Kur'an-ı Kerim ve Türkçe Meali Sayfa 381
45. Doğrusu Biz Semud kavmine, kardeşleri gibi yakından tanıdıkları Salih'i mesajımızı ileten bir elçi olarak göndermiştik: "Yalnızca Allah'a kulluk edin ve O'nun gönderdiği ilkeler doğrultusunda hayatınızı düzenleyin."
Fakat onlar, Peygamberin önderliğinde tek vücut olup Allah'a kulluk edecekleri yerde, birbiriyle çekişip duran iki düşman gruba ayrıldılar.
46. Salih inkârcılara seslenerek, "Ey halkım!" dedi, "Rabb'inizin size dünyada ve âhirette bahşettiği güzellikleri ve iyilikleri arzu edeceğiniz yerde, ne diye O'na karşı küstahça meydan okuyarak bir an önce başınıza azabın ve kötülüğüngelip çatmasını istersiniz? Ne olurdu, zulüm ve haksızlıktan vazgeçip Allah'tan bağışlanma dileseniz de, ilâhî lütuf ve merhamete lâyık olsanız!"

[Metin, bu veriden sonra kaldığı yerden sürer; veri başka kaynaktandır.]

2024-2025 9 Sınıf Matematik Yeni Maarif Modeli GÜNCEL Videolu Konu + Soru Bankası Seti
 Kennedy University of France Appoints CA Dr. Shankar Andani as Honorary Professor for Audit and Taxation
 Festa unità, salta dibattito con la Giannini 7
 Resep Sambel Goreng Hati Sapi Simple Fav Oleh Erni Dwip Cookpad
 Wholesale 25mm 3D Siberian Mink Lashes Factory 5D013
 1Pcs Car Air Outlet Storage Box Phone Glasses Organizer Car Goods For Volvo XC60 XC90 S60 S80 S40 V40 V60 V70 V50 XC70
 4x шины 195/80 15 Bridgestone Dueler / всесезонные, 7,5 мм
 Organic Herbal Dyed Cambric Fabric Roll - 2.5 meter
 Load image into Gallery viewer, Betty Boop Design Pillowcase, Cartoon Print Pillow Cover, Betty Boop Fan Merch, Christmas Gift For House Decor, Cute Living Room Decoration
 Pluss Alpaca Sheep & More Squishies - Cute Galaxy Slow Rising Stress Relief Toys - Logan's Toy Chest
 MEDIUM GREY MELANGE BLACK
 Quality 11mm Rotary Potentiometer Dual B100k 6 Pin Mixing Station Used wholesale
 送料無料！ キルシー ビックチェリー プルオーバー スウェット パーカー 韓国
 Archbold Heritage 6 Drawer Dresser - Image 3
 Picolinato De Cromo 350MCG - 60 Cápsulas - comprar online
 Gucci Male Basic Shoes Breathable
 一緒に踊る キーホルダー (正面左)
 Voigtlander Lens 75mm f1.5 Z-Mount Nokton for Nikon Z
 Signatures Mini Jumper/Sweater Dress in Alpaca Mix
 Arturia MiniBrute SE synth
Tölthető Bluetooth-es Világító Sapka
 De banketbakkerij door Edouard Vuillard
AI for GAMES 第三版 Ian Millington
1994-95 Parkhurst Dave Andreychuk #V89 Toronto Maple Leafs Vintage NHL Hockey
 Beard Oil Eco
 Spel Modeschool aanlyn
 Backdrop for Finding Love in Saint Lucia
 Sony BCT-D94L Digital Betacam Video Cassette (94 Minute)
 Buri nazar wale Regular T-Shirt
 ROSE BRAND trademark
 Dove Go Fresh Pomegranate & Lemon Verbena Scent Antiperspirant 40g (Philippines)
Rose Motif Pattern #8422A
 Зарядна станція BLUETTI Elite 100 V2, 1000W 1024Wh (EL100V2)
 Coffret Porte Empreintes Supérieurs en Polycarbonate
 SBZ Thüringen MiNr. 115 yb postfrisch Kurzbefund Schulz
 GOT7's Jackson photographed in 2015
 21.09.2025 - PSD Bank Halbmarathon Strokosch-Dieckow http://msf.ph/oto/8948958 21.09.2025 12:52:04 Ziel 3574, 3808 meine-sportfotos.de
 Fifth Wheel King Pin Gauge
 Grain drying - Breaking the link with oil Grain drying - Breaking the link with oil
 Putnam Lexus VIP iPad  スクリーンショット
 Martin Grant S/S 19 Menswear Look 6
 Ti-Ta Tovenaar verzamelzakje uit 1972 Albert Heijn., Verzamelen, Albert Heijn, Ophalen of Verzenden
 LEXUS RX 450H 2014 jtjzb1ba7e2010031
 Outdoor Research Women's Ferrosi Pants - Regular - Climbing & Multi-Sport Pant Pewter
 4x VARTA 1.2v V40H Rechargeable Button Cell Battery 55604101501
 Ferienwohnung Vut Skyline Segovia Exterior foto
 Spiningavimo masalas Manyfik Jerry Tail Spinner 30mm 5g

47. Buna karşılık zalimler, "Ey Salih! Sen ve beraberindeki şu müminler yüzünden başımıza uğrusuzluk geldi." dediler. Salih ise, "Başınıza gelen ve uğursuzluk diye nitelendirdiğiniz belâlar, işlediğiniz günahlar yüzünden size Allah katından gelen bir uyarı ve cezadır! Çünkü siz sadece nimetlerle değil, birtakım belâ ve musibetlerle de imtihan edilmektesiniz." dedi.
48. O şehirde, insanlar arasında adaleti, barış ve esenliği egemen kılmak yerine, yeryüzünde sürekli bozgunculuk çıkaran servet ve iktidar sahibi dokuz kişilik bir çete vardı.
49. Bunlar, birbirlerine Allah adına söz verip gizlice antlaşarak şöyle dediler: "Her kabileden birer savaşçı alarak Salih ve adamlarına geceleyin baskın yapıp hepsini ortadan kaldıralım. Sonra da onun intikamını almak isteyecek akrabalarına, "Onun ve adamlarının öldürülmesi olayına biz katılmadık. Bu işi kimin yaptığını da bilmiyoruz. Gerçekten biz doğru söylüyoruz!" deriz. Böylece bütün kabilelerle savaşmayı göze alamayıp kan diyetine razı olurlar."
50. Onlar akılları sıra Allah'ın nurunu söndürmek için bir düzen kurmuşlardı. Biz de bütün tuzakları kuşatan bir düzen kurmuştuk. Fakat onlar bunun bilincinde değillerdi.
51. Bak, zalimlerin kurdukları tuzakların sonu nice oldu. Onları da, onları destekleyen topluluklarını da korkunç bir azapla tamamen yok ettik.
52. İşte, zulümleri yüzünden yıkılıp viraneye dönmüş, bomboş kalmış evleri… Hiç kuşkusuz bunda, öğüt almasını bilen insanlar için apaçık bir uyarı ve ibret verici bir ders vardır.
53. Ayetlerimize yürekten iman eden ve bu imanın gereği olarak dürüst ve erdemlice bir hayat sürerek kötülüğün her çeşidinden titizlikle sakınan kimseleri ise, dünya ve âhiret azabından kurtardık.
Ve aradan yıllar geçti, yeni nesiller geldi. İsimler ve şekiller değişti, fakat değişmeyen tek şey vardı; hak ile batılın amansız mücadelesi:
54. Lut'u da mesajımızı ileten bir elçi olarak görevlendirip kavmine göndermiştik. Hani Lut, erkek erkeğe sapık ilişkilere giren Sodom halkına şöyle seslenmişti: "Bu çirkin işi, insanın yapı ve yaratılışına aykırı büyük bir günah olduğunu göre göre nasıl işliyorsunuz?"
55. "Demek kadınları bırakıp şehvetle erkeklere yöneliyorsunuz, öyle mi? Aman Allah'ım, siz gerçekten de cehalet içinde yüzen azgın bir toplumsunuz."